John St. Jacques trat mit Tränen in den Augen in den hellen, sonnigen Raum des Hauses von Maryland. In der Hand hielt er eine Seite von einem Computerausdruck. Seine Schwester saß auf dem Boden vor der Couch und spielte mit dem ausgelassenen Jamie, nachdem sie Baby Alison wieder nach oben in die Wiege gebracht hatte. Sie sah müde und abgespannt aus, das Gesicht blaß, mit dunklen Rändern unter den Augen. Sie war noch vollkommen erschöpft von der Anspannung des idiotisch umständlichen Flugs von Paris nach Washington. Obwohl sie gestern erst spätabends angekommen war, wollte sie in aller Frühe mit den Kindern aufstehen. Ihr Bruder hätte Jahre seines Lebens geopfert, wenn er nicht hätte tun müssen, was in diesem Moment getan werden mußte. Aber es gab keine Alternative. Er mußte bei ihr sein, wenn sie es erfuhr.

«Jamie«, sagte St.
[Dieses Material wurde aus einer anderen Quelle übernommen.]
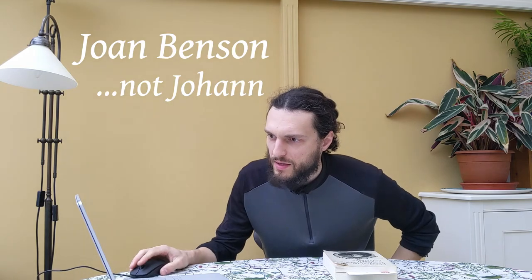Here you have C.P. Bach's Essay, and I also brought up the Kindle edition of a clavichord manual written by Johan Benson — I hope I said the name right. She was an incredible clavichord player who not too long ago passed away, and she gives an explanation of how to do the bebung.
Jacques sanft.»Geh und such Mrs. Cooper, ja? Ich glaube, sie ist in der Küche.«

«Warum, Onkel John?«

«Ich möchte ein paar Minuten mit deiner Mutter sprechen.«

«Johnny, bitte«, protestierte Marie.»Es muß sein.«»Was…?«

Das Kind ging, und wie es bei Kindern so oft der Fall ist, ahnte es etwas Ernstes, etwas, das über seinen Verstand hinausging.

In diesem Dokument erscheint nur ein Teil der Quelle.